MEGA Maldives Airlines was a Maldivian airline based at Ibrahim Nasir International Airport. It suspended all operations on 2 May 2017.

==History==
Mega Maldives was awarded an AOC on 22 December 2010, and its first domestic flight was from Malé to Gan on 28 December 2010. The airline began its international operations on 21 January 2011 between Hong Kong and Gan. The airline initially operated flights between Hong Kong and Gan once every 5 days. Later, the route was changed to Hong Kong and Malé, but continued the unique every 5 day pattern. The airline also began scheduled service from Malé to Shanghai on 16 July and to Beijing 22 July 2011.

Frequencies increased since 2011 and the airline operated 4 to 5 flights a week to each of Beijing, Shanghai, and Hong Kong depending on the season. The airline also served Chongqing, Chengdu, and Hangzhou, China, as well as Incheon (Seoul), Korea, with seasonal services. The route from Hong Kong to Koror, Palau started in mid-December 2013 with twice-weekly frequencies.

The airline also provided technical services to other airlines at Malé Ibrahim Nasser International Airport including AOG support. The airline could also provide ground handling supervision and permit management services to other foreign airlines as well. The corporate headquarters of MEGA Maldives Airlines was located in Malé.

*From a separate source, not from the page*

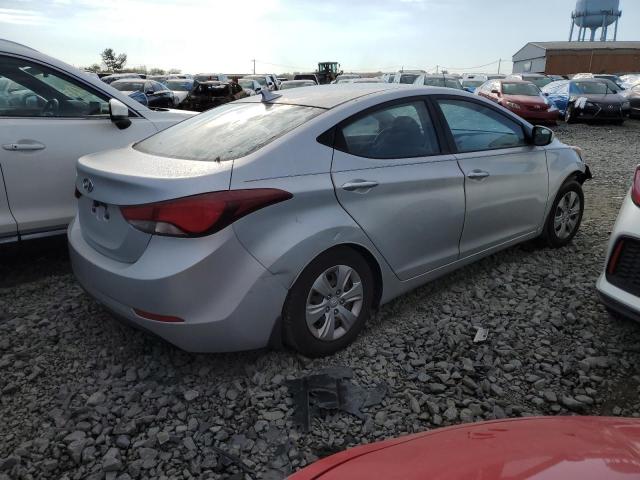 Photo 2 VIN: KMHDH4AE7GU501560 - HYUNDAI ELANTRA SE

In September 2016, MEGA Maldives announced it would cut 65 of its 400 staff as well as postponing planned new routes until further notice due to the severely decreased Chinese leisure market. In the same month, the airline introduced its first Boeing 737-800 on wet-lease from Travel Service. The aircraft is part of its fleet modernization program and will be used for increased connectivity between short and medium ranged destinations, notably opening up new destinations in India and Sri Lanka.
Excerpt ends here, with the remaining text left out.